Pasaron los meses y la casa se me hacía chica, además no acertaba a encontrar la receta que a lo enloqueciera. A veces, algunas cenas languidecían entre reproches y silencios. Los fines de semana, donde antes nos dedicábamos a perdernos entre las sábanas, ahora se extendían en un tiempo moroso, en el que la llegada al lunes se hacía imperiosa. Ya con el lunes a mi disposición, abría las ventanas de la casa y dejaba que el aire recorriera las dependencias, yo respiraba profundo.

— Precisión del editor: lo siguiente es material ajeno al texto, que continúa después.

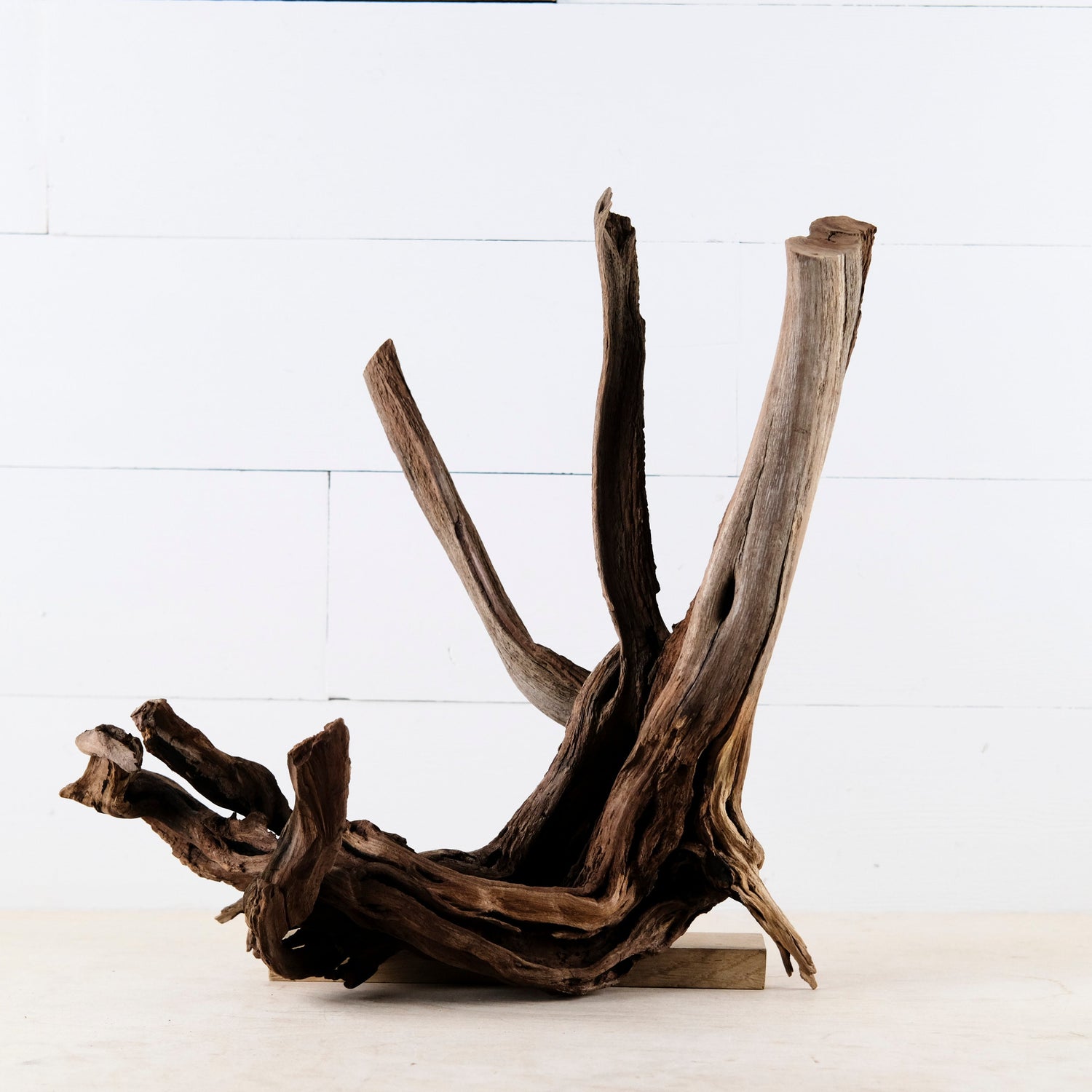 Manzanita 16" Driftwood, Aquarium Aquascape Decor, Natural Fish Tank Wood, Driftwood Root, Terrarium Centerpiece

Un día comenzó a llegar tarde y la que hacía los interrogatorios era yo. Meses después le dije que me iba; sus ojos vacíos (ya hacía un tiempo que yo había dejado de mirar a través de ellos), su sonrisa forzada y su silencio aceleraron mi abandono de la casa. Antes de irme, me aseguré de trabar bien las ventanas. Fue todo y me dejó sin nada.

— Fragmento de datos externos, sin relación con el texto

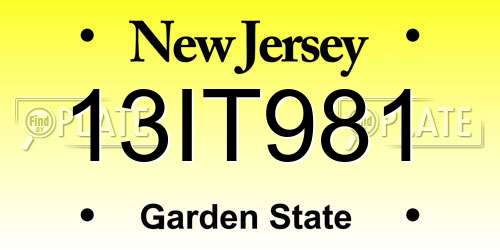 13IT981 New Jersey License Plate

Regresé con mis cosas a lo de mi madre, viviría con ella hasta conseguir trabajo y así poder mudarme. Mi hermana había regresado y me abrazó fuerte, como si hubiera querido reconstruirme. Nadie hablaba de él, como si no hubiera existido. A veces hasta yo lo olvido. Los primeros días me los pasaba entre libros y canales de TV: ahora que podía salir, no sabía para qué. Después de unas semanas de dura convivencia con mi madre y de infructuosa búsqueda de trabajo, recordé con calidez unas vacaciones en las sierras y me dije que ese sería mi nuevo destino. Con algo de dinero que me prestó mi hermana, tomé un colectivo, llegué aquí. Camino de la terminal hacia el centro, vi una casa pequeña, toda cubierta de piedra, con el césped de la vereda un poco mal crecido; de la reja artística blanca de la ventana, un cartel ofrecía una habitación en alquiler. La propietaria era una señora mayor que me ofreció incluir en el alquiler la cena, así fue que volví a comer platos alemanes como en aquellas otras vacaciones. A los dos días de instalada, hice mi primera caminata por el centro comercial, me encontré con la vidriera y su oferta de trabajo.

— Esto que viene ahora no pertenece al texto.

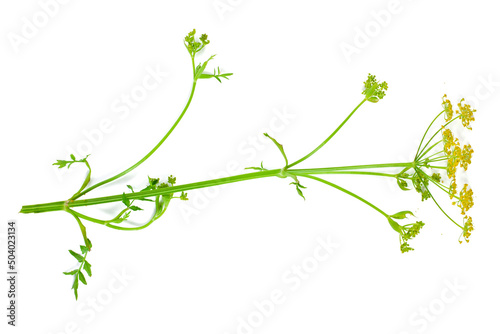 Yellow flowers of parsnip (Pastinaca sativa) isolated on a white background. photo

Ya estoy en el local, me gusta, si bien detrás del mostrador estoy todo el día sola, entra mucha gente. Cuando no hay clientes dando vueltas, aprovecho a acomodar las cosas. Como ahora, que veo el estante de abajo con algo de polvo. Me agacho y siento las campanitas de la puerta. Un hombre saluda y su voz me resulta conocida.